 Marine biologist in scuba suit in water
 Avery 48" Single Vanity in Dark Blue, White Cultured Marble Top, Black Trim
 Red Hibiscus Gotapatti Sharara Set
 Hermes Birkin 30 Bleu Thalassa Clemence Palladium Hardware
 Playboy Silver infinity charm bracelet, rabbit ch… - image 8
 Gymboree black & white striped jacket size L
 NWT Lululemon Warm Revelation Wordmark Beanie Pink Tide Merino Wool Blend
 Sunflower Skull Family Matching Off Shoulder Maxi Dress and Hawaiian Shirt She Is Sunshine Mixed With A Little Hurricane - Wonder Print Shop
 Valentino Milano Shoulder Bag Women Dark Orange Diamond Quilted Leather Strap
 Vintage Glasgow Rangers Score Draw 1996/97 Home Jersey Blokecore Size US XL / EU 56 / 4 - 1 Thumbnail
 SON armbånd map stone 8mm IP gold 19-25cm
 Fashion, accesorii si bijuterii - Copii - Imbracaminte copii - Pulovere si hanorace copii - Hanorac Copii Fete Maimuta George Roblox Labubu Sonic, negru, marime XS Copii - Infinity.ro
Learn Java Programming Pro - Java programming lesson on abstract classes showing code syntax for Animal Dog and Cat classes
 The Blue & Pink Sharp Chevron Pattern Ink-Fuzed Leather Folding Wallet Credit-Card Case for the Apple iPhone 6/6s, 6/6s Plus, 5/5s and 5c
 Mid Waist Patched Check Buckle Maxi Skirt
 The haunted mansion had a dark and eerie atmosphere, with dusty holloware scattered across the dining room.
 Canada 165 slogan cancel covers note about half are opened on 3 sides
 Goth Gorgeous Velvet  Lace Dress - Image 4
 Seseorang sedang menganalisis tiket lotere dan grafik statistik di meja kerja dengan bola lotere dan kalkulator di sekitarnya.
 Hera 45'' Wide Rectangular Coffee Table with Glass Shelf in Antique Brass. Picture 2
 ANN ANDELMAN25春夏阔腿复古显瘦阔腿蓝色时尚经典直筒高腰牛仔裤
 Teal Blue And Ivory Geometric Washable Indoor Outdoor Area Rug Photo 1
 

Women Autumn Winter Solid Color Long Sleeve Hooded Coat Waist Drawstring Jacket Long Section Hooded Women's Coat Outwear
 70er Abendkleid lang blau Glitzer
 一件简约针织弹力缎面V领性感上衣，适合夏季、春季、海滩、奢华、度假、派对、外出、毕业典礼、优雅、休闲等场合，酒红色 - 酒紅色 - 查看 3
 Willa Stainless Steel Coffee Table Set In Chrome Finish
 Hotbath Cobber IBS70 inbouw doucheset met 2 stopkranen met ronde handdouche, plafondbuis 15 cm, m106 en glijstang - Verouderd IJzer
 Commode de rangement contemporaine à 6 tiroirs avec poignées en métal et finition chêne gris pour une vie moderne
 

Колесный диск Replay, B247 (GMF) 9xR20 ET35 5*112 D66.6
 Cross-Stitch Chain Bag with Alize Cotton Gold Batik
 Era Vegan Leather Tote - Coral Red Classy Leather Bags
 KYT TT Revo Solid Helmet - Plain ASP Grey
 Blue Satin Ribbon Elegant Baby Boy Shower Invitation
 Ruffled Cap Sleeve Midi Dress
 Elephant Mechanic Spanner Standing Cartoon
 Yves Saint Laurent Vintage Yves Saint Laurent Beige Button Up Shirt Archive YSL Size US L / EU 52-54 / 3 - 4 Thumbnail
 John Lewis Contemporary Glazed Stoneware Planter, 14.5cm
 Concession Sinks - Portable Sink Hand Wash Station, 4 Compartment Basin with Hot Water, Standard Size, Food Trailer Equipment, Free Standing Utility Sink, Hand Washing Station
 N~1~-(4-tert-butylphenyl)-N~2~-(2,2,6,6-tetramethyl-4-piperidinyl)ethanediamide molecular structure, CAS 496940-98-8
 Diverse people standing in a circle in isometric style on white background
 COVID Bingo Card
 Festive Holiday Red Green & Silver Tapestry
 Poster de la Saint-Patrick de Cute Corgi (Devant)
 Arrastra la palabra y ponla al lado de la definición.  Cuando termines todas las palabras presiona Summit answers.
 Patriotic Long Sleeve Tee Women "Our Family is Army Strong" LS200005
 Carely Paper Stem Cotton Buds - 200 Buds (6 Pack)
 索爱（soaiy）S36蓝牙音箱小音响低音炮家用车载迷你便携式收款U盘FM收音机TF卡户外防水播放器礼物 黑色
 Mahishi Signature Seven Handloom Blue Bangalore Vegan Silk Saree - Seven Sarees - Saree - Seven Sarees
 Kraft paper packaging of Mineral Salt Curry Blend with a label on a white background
········
■ **To do**: Set down the records above once more, exactly as given.

■ **Output**:
 Marine biologist in scuba suit in water
 Avery 48" Single Vanity in Dark Blue, White Cultured Marble Top, Black Trim
 Red Hibiscus Gotapatti Sharara Set
 Hermes Birkin 30 Bleu Thalassa Clemence Palladium Hardware
 Playboy Silver infinity charm bracelet, rabbit ch… - image 8
 Gymboree black & white striped jacket size L
 NWT Lululemon Warm Revelation Wordmark Beanie Pink Tide Merino Wool Blend
 Sunflower Skull Family Matching Off Shoulder Maxi Dress and Hawaiian Shirt She Is Sunshine Mixed With A Little Hurricane - Wonder Print Shop
 Valentino Milano Shoulder Bag Women Dark Orange Diamond Quilted Leather Strap
 Vintage Glasgow Rangers Score Draw 1996/97 Home Jersey Blokecore Size US XL / EU 56 / 4 - 1 Thumbnail
 SON armbånd map stone 8mm IP gold 19-25cm
 Fashion, accesorii si bijuterii - Copii - Imbracaminte copii - Pulovere si hanorace copii - Hanorac Copii Fete Maimuta George Roblox Labubu Sonic, negru, marime XS Copii - Infinity.ro
Learn Java Programming Pro - Java programming lesson on abstract classes showing code syntax for Animal Dog and Cat classes
 The Blue & Pink Sharp Chevron Pattern Ink-Fuzed Leather Folding Wallet Credit-Card Case for the Apple iPhone 6/6s, 6/6s Plus, 5/5s and 5c
 Mid Waist Patched Check Buckle Maxi Skirt
 The haunted mansion had a dark and eerie atmosphere, with dusty holloware scattered across the dining room.
 Canada 165 slogan cancel covers note about half are opened on 3 sides
 Goth Gorgeous Velvet  Lace Dress - Image 4
 Seseorang sedang menganalisis tiket lotere dan grafik statistik di meja kerja dengan bola lotere dan kalkulator di sekitarnya.
 Hera 45'' Wide Rectangular Coffee Table with Glass Shelf in Antique Brass. Picture 2
 ANN ANDELMAN25春夏阔腿复古显瘦阔腿蓝色时尚经典直筒高腰牛仔裤
 Teal Blue And Ivory Geometric Washable Indoor Outdoor Area Rug Photo 1
 

Women Autumn Winter Solid Color Long Sleeve Hooded Coat Waist Drawstring Jacket Long Section Hooded Women's Coat Outwear
 70er Abendkleid lang blau Glitzer
 一件简约针织弹力缎面V领性感上衣，适合夏季、春季、海滩、奢华、度假、派对、外出、毕业典礼、优雅、休闲等场合，酒红色 - 酒紅色 - 查看 3
 Willa Stainless Steel Coffee Table Set In Chrome Finish
 Hotbath Cobber IBS70 inbouw doucheset met 2 stopkranen met ronde handdouche, plafondbuis 15 cm, m106 en glijstang - Verouderd IJzer
 Commode de rangement contemporaine à 6 tiroirs avec poignées en métal et finition chêne gris pour une vie moderne
 

Колесный диск Replay, B247 (GMF) 9xR20 ET35 5*112 D66.6
 Cross-Stitch Chain Bag with Alize Cotton Gold Batik
 Era Vegan Leather Tote - Coral Red Classy Leather Bags
 KYT TT Revo Solid Helmet - Plain ASP Grey
 Blue Satin Ribbon Elegant Baby Boy Shower Invitation
 Ruffled Cap Sleeve Midi Dress
 Elephant Mechanic Spanner Standing Cartoon
 Yves Saint Laurent Vintage Yves Saint Laurent Beige Button Up Shirt Archive YSL Size US L / EU 52-54 / 3 - 4 Thumbnail
 John Lewis Contemporary Glazed Stoneware Planter, 14.5cm
 Concession Sinks - Portable Sink Hand Wash Station, 4 Compartment Basin with Hot Water, Standard Size, Food Trailer Equipment, Free Standing Utility Sink, Hand Washing Station
 N~1~-(4-tert-butylphenyl)-N~2~-(2,2,6,6-tetramethyl-4-piperidinyl)ethanediamide molecular structure, CAS 496940-98-8
 Diverse people standing in a circle in isometric style on white background
 COVID Bingo Card
 Festive Holiday Red Green & Silver Tapestry
 Poster de la Saint-Patrick de Cute Corgi (Devant)
 Arrastra la palabra y ponla al lado de la definición.  Cuando termines todas las palabras presiona Summit answers.
 Patriotic Long Sleeve Tee Women "Our Family is Army Strong" LS200005
 Carely Paper Stem Cotton Buds - 200 Buds (6 Pack)
 索爱（soaiy）S36蓝牙音箱小音响低音炮家用车载迷你便携式收款U盘FM收音机TF卡户外防水播放器礼物 黑色
 Mahishi Signature Seven Handloom Blue Bangalore Vegan Silk Saree - Seven Sarees - Saree - Seven Sarees
 Kraft paper packaging of Mineral Salt Curry Blend with a label on a white background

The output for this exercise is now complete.